So, hard decisions in life. You may know by now how strongly I feel about homeschooling and taking a very active role in educating my son. I also feel very strongly about staying in our (inexpensive) house, and maintaining stability. Several weeks ago, it became very apparent that things were just not working, and I needed to start searching for a “real” job. ANY job. Even part time at minimum wage. I don’t have friends and family nearby who can watch my boy and/or help with his schooling while I look for a job, and then while I am working. I have spent months searching for something I could do that would have the right hours and days to let me keep homeschooling.

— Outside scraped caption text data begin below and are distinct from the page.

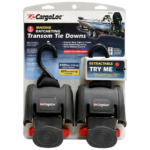 CargoLoc Ratcheting Tie Down - Strap 2" x 43" x 2500lbs Transom (Pair)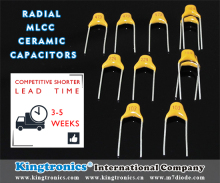 Kt Kingtronics Competitive Shorter Lead Time for Radial MLCC 3-5 Weeks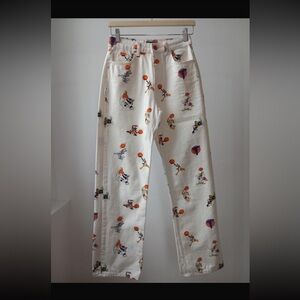 SPACE JEM - LONEY TONES White Jeans size 34 - Xs brand Pull&bear - Preloved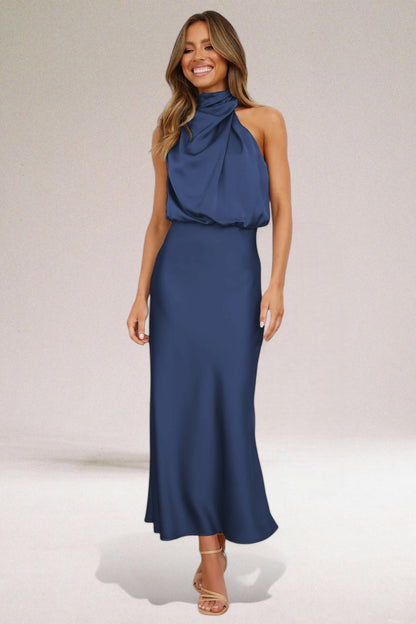 Laluna® | Satijnen Glamour Jurk
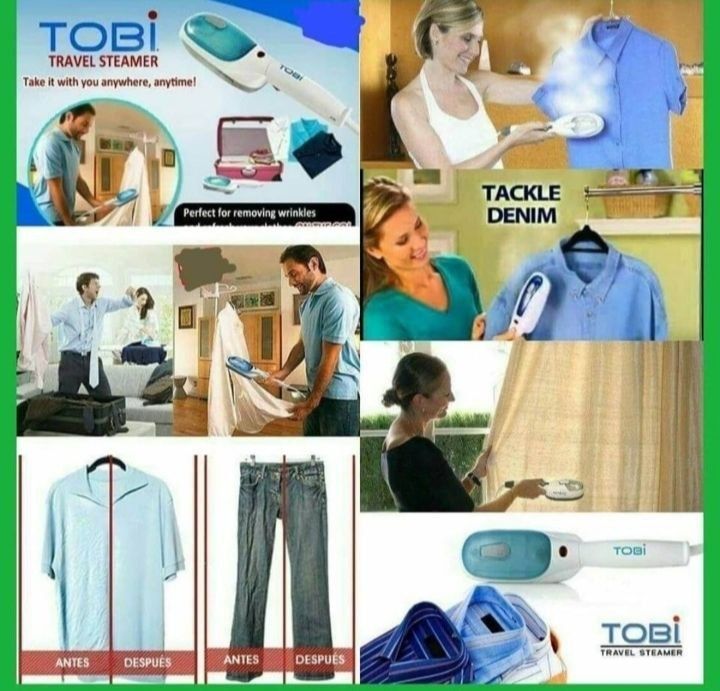 Доставка! Щетка-отпариватель одежды Tobi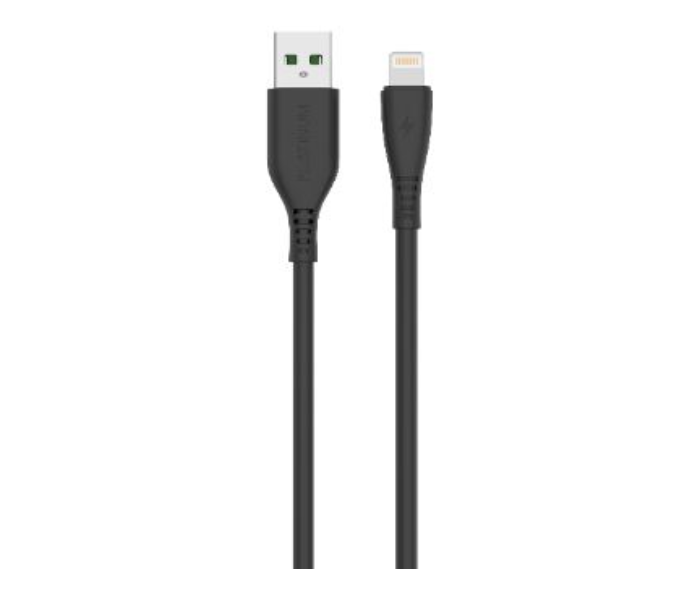 Platinum P-CBFLLBK 1M Flex Series 2.4A Lightning Cable - Black - Zoom Image 2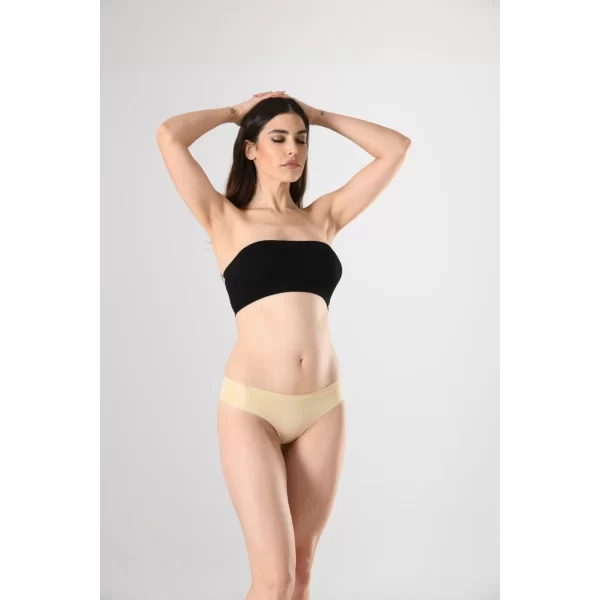 Miss Fit 12583 Lazer Kesim Silikonlu Slip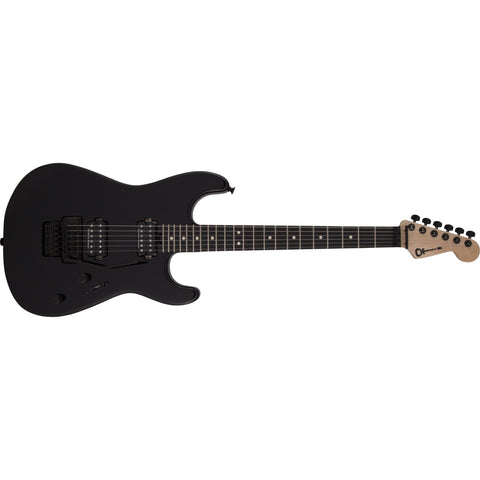 Charvel Pro-Mod San Dimas SD1 HH FR Electric Guitar-Black-Music World Academy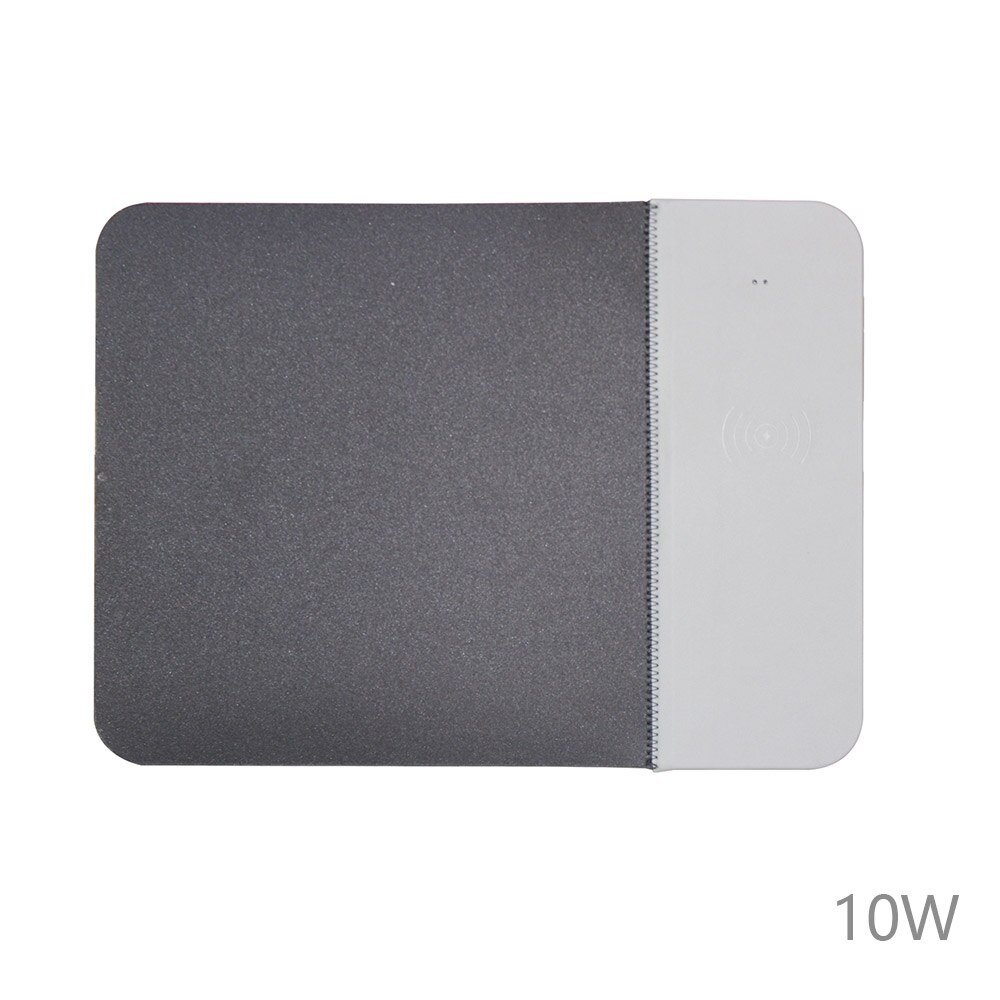 Kisscase qi trådløs lader lademusematte til iphone 8 8 Plus x xs xr pu lær musematte til samsung  s8 s9 s10 s10e: Grå 10w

It wasn’t happening. So we decided that public school was an inevitability this year, and that it was better to make the choice to put him into a public school and try to get a job so we can stay in our home than it is to lose everything and be forced to use the public school system.

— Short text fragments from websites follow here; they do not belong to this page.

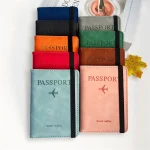 Women Men RFID Vintage Business Passport Covers Holder Multi Function ID Bank Card PU (New)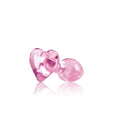 Small Pink Glass Butt Plug Crystal Huge Ball Anal Beads Fake Penis Heart Rose Glass Anus Dildo Set Adult Masturbation Toy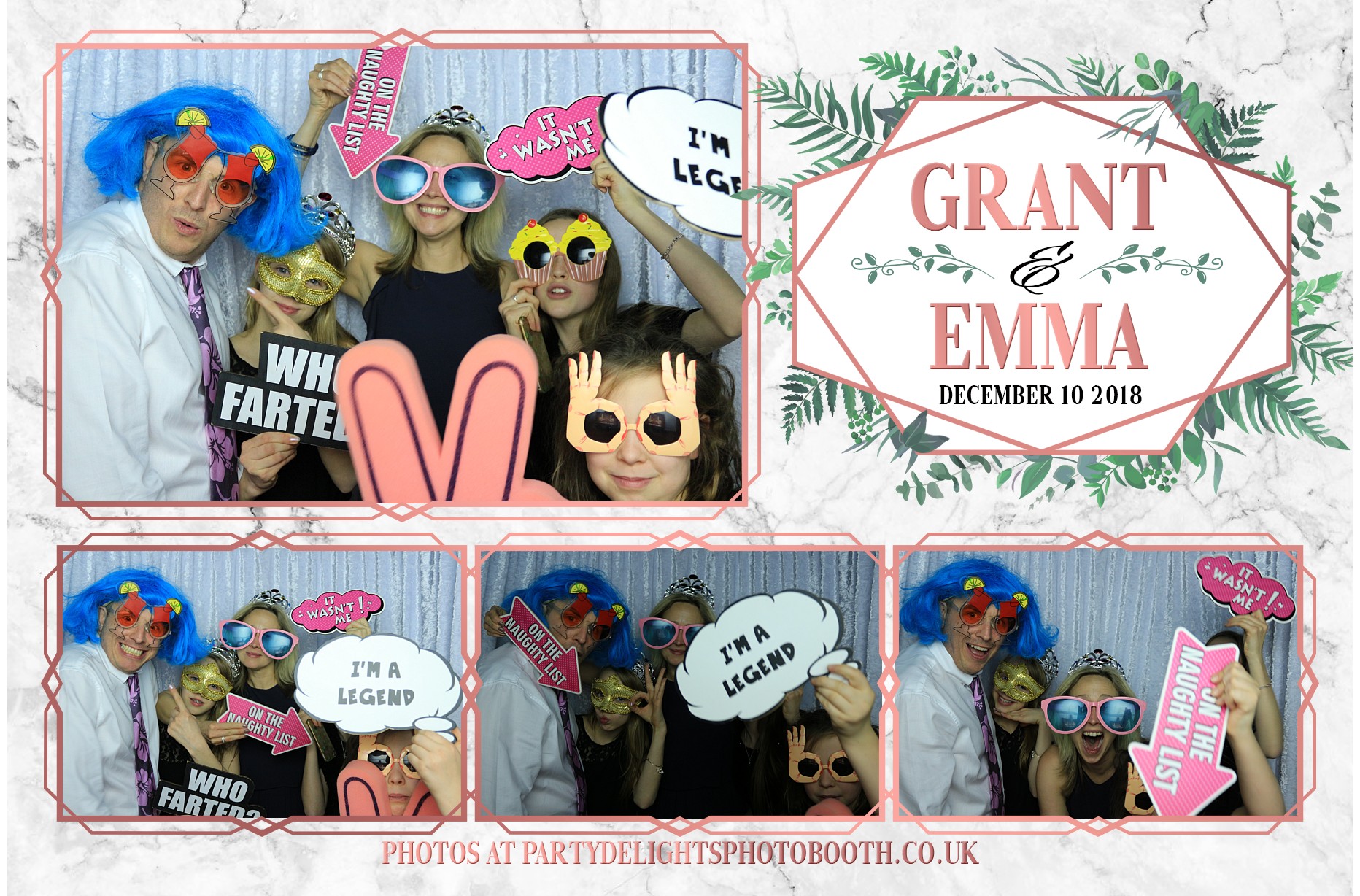 Grant & Emma's Wedding - Prints | View more photos from the event at gallery.partydelightsphotobooth.co.uk/u/PartyDelightsPhotoBooth/Grant-Emmas-Wedding-Prints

So my son has been in public school for four weeks now. Except this week. God bless him. He’s been home sick all week.
So, that’s where we are right now. I am still looking for the job, but I can at least have my days right now to go to interviews and things like that. I am at the mercy of his dad on a car though. I’ve been driving his car since July, and this week he decided he needed it back. So I am now a public school mom with no car to get to work once I can find a job.

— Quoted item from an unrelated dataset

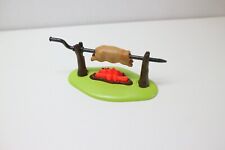 Playmobil cuspe de porco/grelha churrasqueira uso casa de bonecas pirata ocidental Astérix 70931 3794  comprar usado  Enviando para Brazil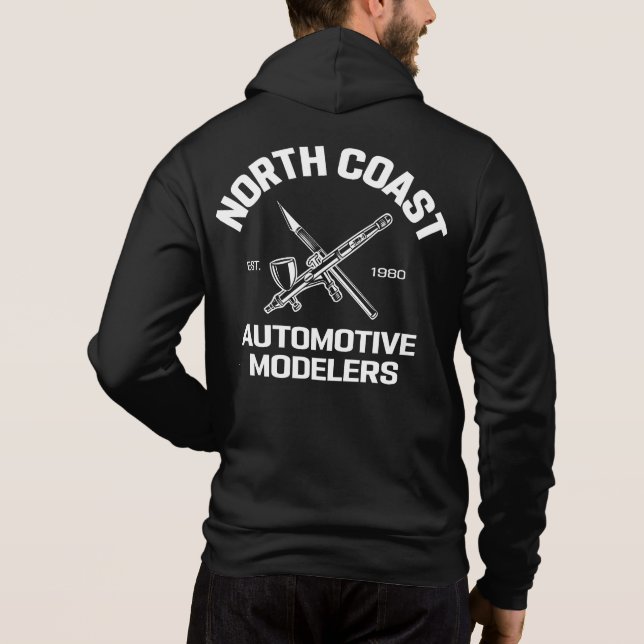 Moletom NCAM Cross Zipup Hoodie (Verso)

I am frustrated beyond words, and I really, desperately need your prayers. Roo is struggling hard at school. He keeps getting into trouble, because he always HAS to be right, have the last word, be the boss, etc. He’s trying so hard to adjust, and he really wants to want to be there. I want him to have a really positive experience there. I want this to be something GOOD for him. I want it to be good for our family. I want us to come through this stronger, wiser, and better off. But it’s hard for a jumpy little kangaroo to adjust to a new environment when he’s supposed to do as he’s told and be quiet about it. It’s been miserable that he’s been sick this week, but I have to confess that I’ve really missed having him at home during the day. Alas, next Monday morning he’ll be back on that bus, off to a world where I can’t help him.
I am struggling with this decision a month in. Please, please pray for us.
In other news, we’ve had our Joey dog a year today! He’s my pumpkin puppy. He came to us last Halloween a broken, starved, heartworm-positive dog with some “questionable” lung and stomach problems. But we saw our vet last week, and Joey is officially a well-adjusted, well-fed, PERFECTLY HEALTHY HEARTWORM NEGATIVE DOG!!!!!!!!!!!!! Glory to God! My puppy is all better. So, I have been saying, now that he’s perfectly healthy, we know he really IS lazy and useless. Good for him! He can be pampered and lounge about all day.
Roo turns seven next Friday. That just amazes me. How did my tiny baby get so big? It’s incredible. For his birthday, he asked for a cool chair and a reading nook in his bedroom, a model of the solar system, a rug, and a sweater made from Plymouth Galway yarn in this cool electric blue color. My dad is giving me his AWESOME sleeper sofa, so I put made over Roo’s room with his favorite recliner. There’s nowhere to FIT a model of the solar system, but we found an AMAZING rug that answers that question. And it’s not too expensive. I have all but one skein of the Galway yarn and the pattern for his sweater. I told him it won’t be done on his birthday, but I’m working on it, and that’s good enough for him. He’s really a great kid.
I am currently working on reconfiguring pretty much the entire house to make a space for that sleeper sofa. I will update on that shortly, as progress is made. I won’t be a stranger anymore. Really. I’ve just been struggling a lot, and trying to figure out how to post about the public school issue that broke my heart.
As always, I deeply appreciate your prayers and your comments.